I realized the lack of geolocation info on the videos metadata when I added them to Immich, where a little map indicates where they were taken if said info is available. Good thing that it offers a built-in metadata editor, albeit basic, which I used to save the GPS coordinates of the point where each recording started; I had to watch them all and accurately locate them with the help of Google Maps.

Once geolocated, Immich created an external Exif file for each video, all of them with the same name but different extension: xmp.

So far so good, despite the Exif metadata being external in this case, having the same file name helps with some video players recognizing them automatically so it shouldn’t be a problem; however, I wanted all the data to be embedded in the videos themselves, that’s better and easier to manage.

So I used ExifTool to solve that:

exiftool -gpsposition -c "%.7f" {input}

-gpsposition -c "%.7f" extracts the GPS data in the “%.7f” format, which basically means an integer follow by 7 decimals (e.g. -31.8267316)

exiftool -TagsFromFile {input} -All:All -XMP -ExtractEmbedded -overwrite_original {output}

-TagsFromFile takes the Exif tags stored in the files previously created by Immich
-All:All takes into consideration all the tags it possibly can
-XMP same as above but with XMP tags, which tend to be non-standard metadata defined by the camera or editing software vendor

There was a tiny little additional problem, unfortunately: apparently, DJI cameras need to be connected to a smartphone or tablet via Bluetooth after having been disconnected for a long period of time in order to get the right date and time. This caused the timestamps in my videos to be off by around 90 minutes. I don’t know the exact amount of time because I didn’t have a solid reference besides a little video I took with my phone, so I estimate that they still might be off by about 3 minutes tops give or take. Sounds okay.

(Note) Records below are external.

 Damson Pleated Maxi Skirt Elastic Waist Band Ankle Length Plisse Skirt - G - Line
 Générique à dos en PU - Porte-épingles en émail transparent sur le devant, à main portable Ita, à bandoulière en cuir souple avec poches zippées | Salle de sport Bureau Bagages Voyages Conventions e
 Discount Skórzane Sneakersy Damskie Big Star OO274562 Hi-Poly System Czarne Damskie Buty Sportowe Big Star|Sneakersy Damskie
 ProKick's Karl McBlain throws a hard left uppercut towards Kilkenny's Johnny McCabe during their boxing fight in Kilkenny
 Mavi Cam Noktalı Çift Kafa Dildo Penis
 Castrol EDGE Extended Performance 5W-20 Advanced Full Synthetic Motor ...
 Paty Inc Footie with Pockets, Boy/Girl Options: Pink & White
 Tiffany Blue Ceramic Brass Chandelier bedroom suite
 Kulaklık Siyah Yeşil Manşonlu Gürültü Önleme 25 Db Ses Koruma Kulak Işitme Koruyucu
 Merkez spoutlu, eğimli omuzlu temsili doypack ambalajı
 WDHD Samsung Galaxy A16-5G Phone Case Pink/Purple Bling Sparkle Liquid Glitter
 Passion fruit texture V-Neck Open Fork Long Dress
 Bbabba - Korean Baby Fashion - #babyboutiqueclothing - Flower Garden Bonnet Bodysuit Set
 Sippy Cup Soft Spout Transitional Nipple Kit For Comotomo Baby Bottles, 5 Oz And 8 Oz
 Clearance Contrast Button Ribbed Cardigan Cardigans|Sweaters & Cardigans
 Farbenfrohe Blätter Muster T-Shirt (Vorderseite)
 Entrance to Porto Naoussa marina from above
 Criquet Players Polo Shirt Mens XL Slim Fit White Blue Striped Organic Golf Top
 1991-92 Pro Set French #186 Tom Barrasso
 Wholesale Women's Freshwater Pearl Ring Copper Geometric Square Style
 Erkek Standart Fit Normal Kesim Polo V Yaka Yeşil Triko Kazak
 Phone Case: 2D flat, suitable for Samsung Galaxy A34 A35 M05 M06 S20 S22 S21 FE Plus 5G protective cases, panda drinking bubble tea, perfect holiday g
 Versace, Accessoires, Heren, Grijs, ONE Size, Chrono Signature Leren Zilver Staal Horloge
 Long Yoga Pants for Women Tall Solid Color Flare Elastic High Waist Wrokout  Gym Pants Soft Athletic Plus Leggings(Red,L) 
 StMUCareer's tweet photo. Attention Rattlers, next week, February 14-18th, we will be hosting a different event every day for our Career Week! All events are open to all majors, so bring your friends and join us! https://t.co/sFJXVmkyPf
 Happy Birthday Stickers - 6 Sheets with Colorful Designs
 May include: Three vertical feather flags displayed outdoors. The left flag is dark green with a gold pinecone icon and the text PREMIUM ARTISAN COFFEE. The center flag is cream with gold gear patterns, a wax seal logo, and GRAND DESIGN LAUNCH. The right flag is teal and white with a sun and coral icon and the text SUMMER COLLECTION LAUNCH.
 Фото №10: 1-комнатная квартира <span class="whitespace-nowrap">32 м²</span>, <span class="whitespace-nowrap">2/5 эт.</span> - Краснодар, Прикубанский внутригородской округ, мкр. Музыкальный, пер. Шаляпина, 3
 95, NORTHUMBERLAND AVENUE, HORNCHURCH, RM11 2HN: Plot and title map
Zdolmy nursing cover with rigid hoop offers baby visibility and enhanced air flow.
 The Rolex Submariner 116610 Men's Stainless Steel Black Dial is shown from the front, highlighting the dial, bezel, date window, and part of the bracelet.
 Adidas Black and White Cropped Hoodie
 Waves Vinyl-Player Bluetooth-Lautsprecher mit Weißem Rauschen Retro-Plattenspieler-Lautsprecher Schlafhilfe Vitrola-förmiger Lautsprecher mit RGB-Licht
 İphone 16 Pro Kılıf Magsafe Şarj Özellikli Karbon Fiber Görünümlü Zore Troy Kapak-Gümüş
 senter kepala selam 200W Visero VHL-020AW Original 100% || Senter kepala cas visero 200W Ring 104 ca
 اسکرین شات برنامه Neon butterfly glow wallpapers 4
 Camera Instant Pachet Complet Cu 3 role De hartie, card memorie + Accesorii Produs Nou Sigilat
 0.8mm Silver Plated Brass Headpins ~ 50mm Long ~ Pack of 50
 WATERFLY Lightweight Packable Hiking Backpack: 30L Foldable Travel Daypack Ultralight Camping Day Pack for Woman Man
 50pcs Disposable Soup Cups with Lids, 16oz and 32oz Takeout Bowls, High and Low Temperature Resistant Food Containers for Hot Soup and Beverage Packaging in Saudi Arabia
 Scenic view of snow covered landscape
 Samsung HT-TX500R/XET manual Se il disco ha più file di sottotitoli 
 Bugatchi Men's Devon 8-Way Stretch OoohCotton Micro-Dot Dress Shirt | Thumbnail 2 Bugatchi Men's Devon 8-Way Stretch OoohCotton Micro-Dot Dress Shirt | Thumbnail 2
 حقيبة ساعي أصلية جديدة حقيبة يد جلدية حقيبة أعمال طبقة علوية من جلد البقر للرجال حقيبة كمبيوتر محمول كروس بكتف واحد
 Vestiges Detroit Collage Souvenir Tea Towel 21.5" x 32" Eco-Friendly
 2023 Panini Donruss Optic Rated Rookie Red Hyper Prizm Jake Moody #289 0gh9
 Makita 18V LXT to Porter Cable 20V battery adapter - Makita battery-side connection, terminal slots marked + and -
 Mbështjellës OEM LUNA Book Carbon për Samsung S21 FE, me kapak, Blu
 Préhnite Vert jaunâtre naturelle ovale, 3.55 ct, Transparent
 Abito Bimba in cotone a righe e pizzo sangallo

Naturally, I had to change the file timestamps but also the ones found in the Exif tags, given that I only applied the change to the files some video players would still be able to see the error because they sometimes prefer the metadata and not the what the filesystem says. Having everything correctly time-coded also helps with organization since they use time to build timelines.

Changing the files timestamps was easy. In Windows (PowerShell) we could do something like:

(Get-Item {input}).LastWriteTime = {new_date}

Don’t forget that new_date must have the correct format, in this case I opted for MM/dd/yyyy HH:mm because that worked on my Windows install.

(we’re close, promise)

Buuuut, and this is a big but, the intention was to subtract 90 minutes from the creation/modification datetime present on the files, so I needed to extract first. Good thing is that it’s not a destructive operation, so I left it for later once FFmpeg and ExifTool had done their job.

One little thing before having the complete script: when it comes to exif tags, at lest here in this case, the timezone was always set to UTC and the format yyyy-MM-dd HH:mm:ss, so that had to be taken into account, although not for changing the timestamps Windows sees.

Well, with all that in mind and a couple of extra details, the script would end up like this (now with a bash version for completeness):

$originals_path = {originals_path}
$processed_path = {processed_path}

Get-ChildItem $originals_path -Filter *.mp4 | Sort-Object -Property Name | Foreach-Object{
    ""
    "Original file: $($_.Fullname)"
    "Reducing video bitrate"
    ""
    ""

    ffmpeg -hide_banner -loglevel error -hwaccel qsv -c:v h264_qsv -i $_.Fullname -c:v h264_qsv -global_quality 25 {original_file}

    # qs stands for Quick Sync
    $qs_file = (Get-Item "$processed_path\$($_.Basename).mp4")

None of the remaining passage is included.